Mainframes are about half the cost per user compared to servers.
Not all businesses need the type capacity mainframes (I/O and CPU speed) they are capable of producing. No doubt!
IMHO, the competition forced IBM to change. They wisely answered the call.
I worked in the mainframe (manufacturer’s tech support) industry for 36 years. Mainframes are sweet, sweet machines. The fault tolerance to dynamic configurations are unparalleled by any other platform.
Startups can often avoid the inertia associated with more established companies when the technological plates shift under their feet. In other words, it’s easier to change course in a dinghy than on the Titanic.
Germany and Japan became economic powerhouses because they were essentially rebuilt from the ground up with the newest technology after they wre gutted from the war.
There is almost no landline telephone infrastructure in Somalia. They went directly from tribal drums to cell phones.
Most Kodak consumer digital cameras are like toys, and not good ones at that.
They never made the jump to the high-end or “prosumer” market like almost everyone else did.
Garage sales are littered with those “easy share” cams. I wont even buy the ones that are a dollar.
I think it was back in the late '60s when a TV show aired an episode displaying an invention they said would revolutionize the moving industry.
It seems this guy invented a way to use a thin plastic sheet that covered small items placed on a sheet of cardboard. The items were then vacuum sealed, holding the objects tight and preventing loss/breakage.
We know it today as all those store items that are blister packed - a completely different business application.
Talk about heading off in one direction, only to arrive somewhere else, check out the 1978 TV Mini-series called Connections. As a computer programmer, I found "Faith in Numbers" fascinating - Burke takes us from a pattern to make cams operating Medieval church bells to the 80-column computer card - which, by the way, is the exact size as the old paper money.
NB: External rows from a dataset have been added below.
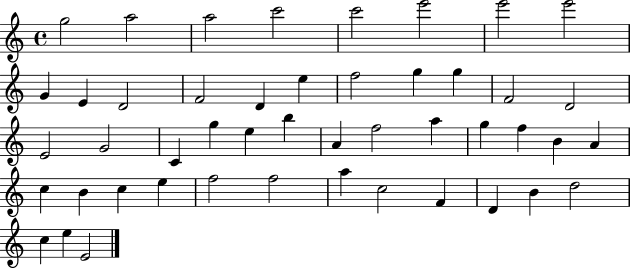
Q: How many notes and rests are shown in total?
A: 47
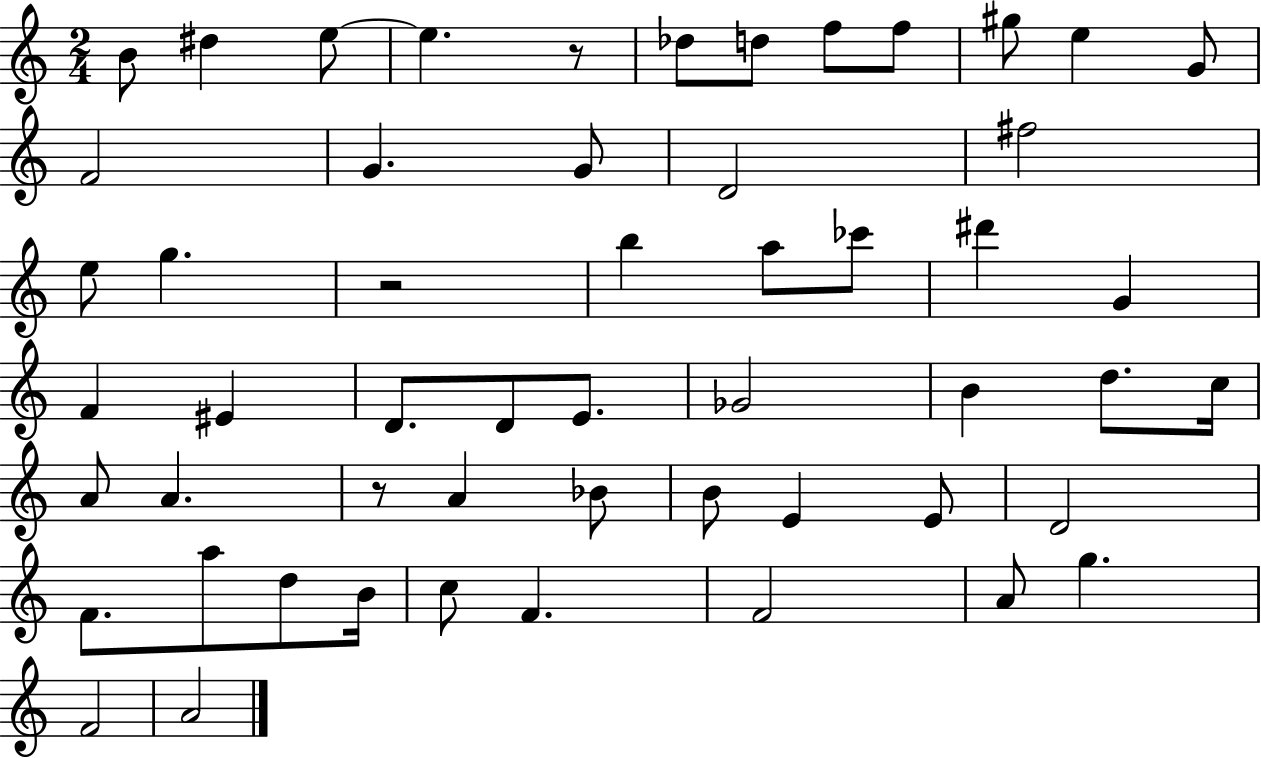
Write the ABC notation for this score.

X:1
T:Untitled
M:2/4
L:1/4
K:C
B/2 ^d e/2 e z/2 _d/2 d/2 f/2 f/2 ^g/2 e G/2 F2 G G/2 D2 ^f2 e/2 g z2 b a/2 _c'/2 ^d' G F ^E D/2 D/2 E/2 _G2 B d/2 c/4 A/2 A z/2 A _B/2 B/2 E E/2 D2 F/2 a/2 d/2 B/4 c/2 F F2 A/2 g F2 A2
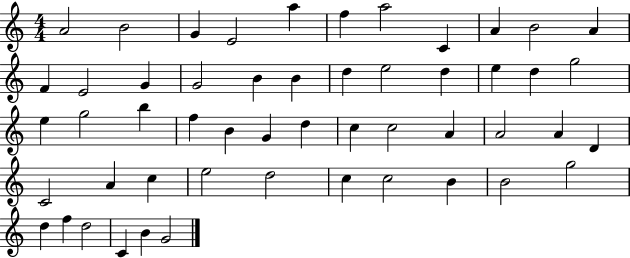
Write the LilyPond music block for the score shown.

{
  \clef treble
  \numericTimeSignature
  \time 4/4
  \key c \major
  a'2 b'2 | g'4 e'2 a''4 | f''4 a''2 c'4 | a'4 b'2 a'4 | \break f'4 e'2 g'4 | g'2 b'4 b'4 | d''4 e''2 d''4 | e''4 d''4 g''2 | \break e''4 g''2 b''4 | f''4 b'4 g'4 d''4 | c''4 c''2 a'4 | a'2 a'4 d'4 | \break c'2 a'4 c''4 | e''2 d''2 | c''4 c''2 b'4 | b'2 g''2 | \break d''4 f''4 d''2 | c'4 b'4 g'2 | \bar "|."
}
Thrifty Hollerith did that so they could use the banking equipment to hold the cards.
[subset] When I was in computer programming school in '67, they showed us a clip of Bob Newheart ridiculing Hollerith and the way the lines were oriented: top to bottom, 12, 11, 9-0; smirking that it was crazy and would never work. It was hilarious because he was so wrong. He did a beautiful job and talked as if he was an old pro. I had a lot of respect for him as an actor after that.